SS: Admiro a Mingas, e já fiz um convite para a Mingas, não para esta festa, mas para o próximo ano, se não vou gastar os artistas todos. Fiz um convite também para o Wazimbo. As minhas apostas para o ano de 2009 são estes dois artistas, uma colaboração com eles dentro dos meus espectáculos, em que eu quero cantar uma música deles e gostaria que eles cantassem também músicas minhas, vamos marcar as datas dos espectáculos e ver o que a gente faz. Um outro artista que não é moçambicano, com quem vamos ter uma colaboração mais chegada ao longo do ano que vem é o Jeff Maluleque, com o qual eu também me identifico muito. Ele já cá esteve duas vezes. Já conversámos, e é outro dos artistas com o qual pretendo fazer uma digressão pelo país inteiro.
99FM: E o que nos dizes sobre os ensaios?
SS: Falando dos ensaios, eu acho que os resultados que a malta tem dos espectáculos têm como base os ensaios que nós fizemos. Ensaiámos muito no princípio, mas atenção, não são os ensaios que põem uma banda forte, são as constantes actuações. Se perceberes, nóss neste ano não ficámos um mês sem tocar, efetuámos cerca de 25 actuações ao longo do ano inteiro e deu para ter, em média, cerca de dois espectaculos ao vivo por mês.O melhor ensaio é esse, mas também para ensaiar há regras para se conseguir uma boa consistência.
99FM: Quais são essas regras?
SS: A regra é a de manter a música simples, com uma base simples, para dar ênfase ao cantor, porque se há um nome que está à frente, neste caso é o Stewart Sukuma, a banda faz um “backing” faz um suporte, a banda não aparece em primeiro plano, aparece o artista, e a banda a fazer o suporte musical, e neste aspecto é manter uma base de música muito simples que permita que o artista se desenvolva dentro da música e ensaiar as partes mais importantes da música, que são os vínculos, os centros, a dinâmica da música, quando ela sobe e baixa, isso tudo são os segredos para teres um espectáculo com muita dinâmica e animação.
99FM: A banda Nkuvo é constituída por quantos elementos?
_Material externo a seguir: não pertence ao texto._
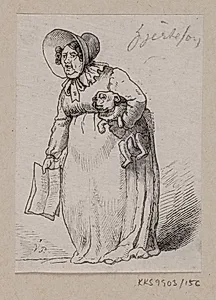 Illustration til "Hjertesorg" i H.C. Andersen, "Eventyr og Historier", Bind 2 by H.P. Hansen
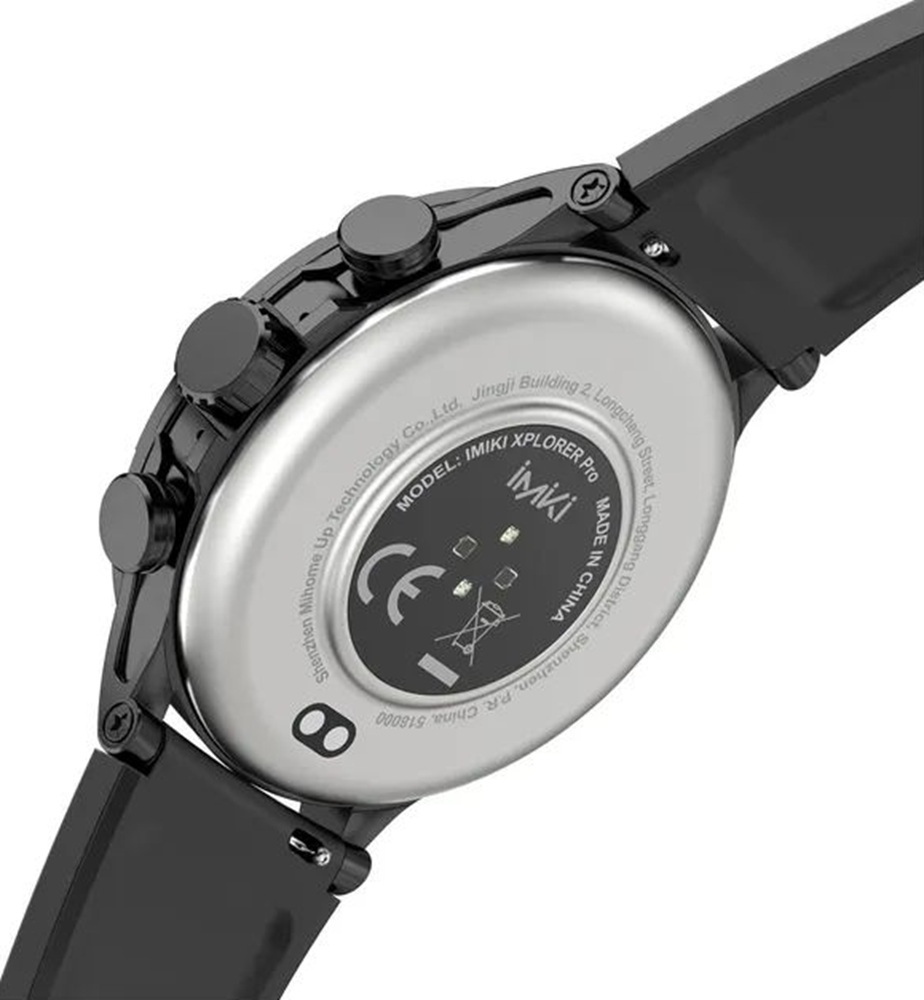 Смарт-годинник iMiki XPLORER Pro Black Silicone strap фото3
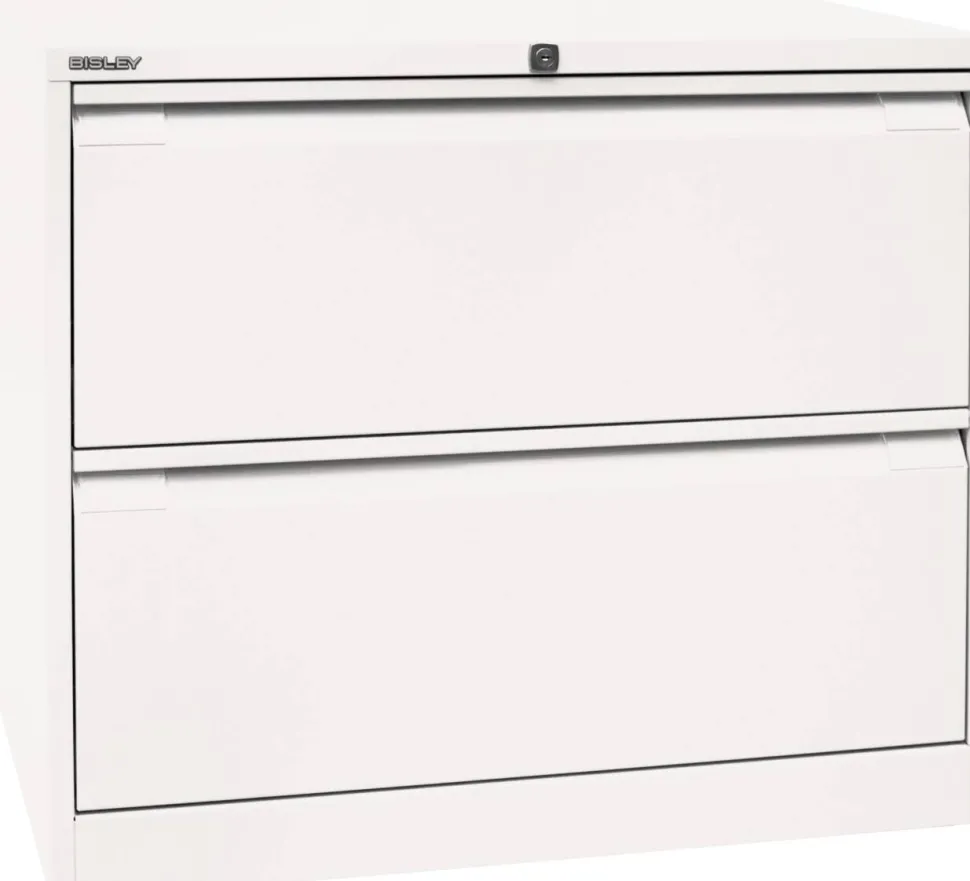 Bisley Archiefkast Staal 2 lades 800 x 622 x 711 mm Verkeerswit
SS: A banda Nkuvo tem uma base de 3 elementos principais que são : o Dodó, que ‘e o guitarrista; Nelton Miranda, que é o baixista; e o Stélio que é o baterista. Estes elementos são responsáveis por colaborar comigo nos arranjos da banda e por coordenar todos os ensaios; depois temos uma secção de percurssão constituída pelos Dzinza (Nelson, Nando e Calu Carlos, que são apoiados por Simão, que às vezes toca timbila e djembe ou então o Lindo Cuna, que toca djembe), entao nós funcionamos e, dependendo das actuações, nós vamos chamando as pessoas, há duas vozes fantásticas, que são as da Sezaquiel e da Filó. A Sezaquiel já é uma artista, já é uma cantora e intéprete estabelecida no mercado com disco e tudo. É uma cantora por excelencia, é uma das melhores intérpretes que eu conheci na música popular moçambicana, portanto essa é a constituição do Nkuvo. Ás vezes convidamos um saxofonista, já estivemos a tocar com o Muzila que tem um talento fantástico, tivemos a oportunidade de apresentar o Muzila na gala da 99FM este ano no Centro Cultural Franco-Moçambicano.
99FM: Stewart, o microfone está à tua disposição para as últimas considerações...
SS: Para fechar este papo, desejo a todos um final de ano de 2008 bom, com muito cuidado, e dizer que tenham um 2009 próspero. Gostaria de agradecer a todos aqueles que fizeram com que Felizminha fosse a canção mais popular e também queria sugerir que, se quizerem oferecer uma boa prenda à vossa namorada, ofereçam Felizminha, eu acho que não há melhor.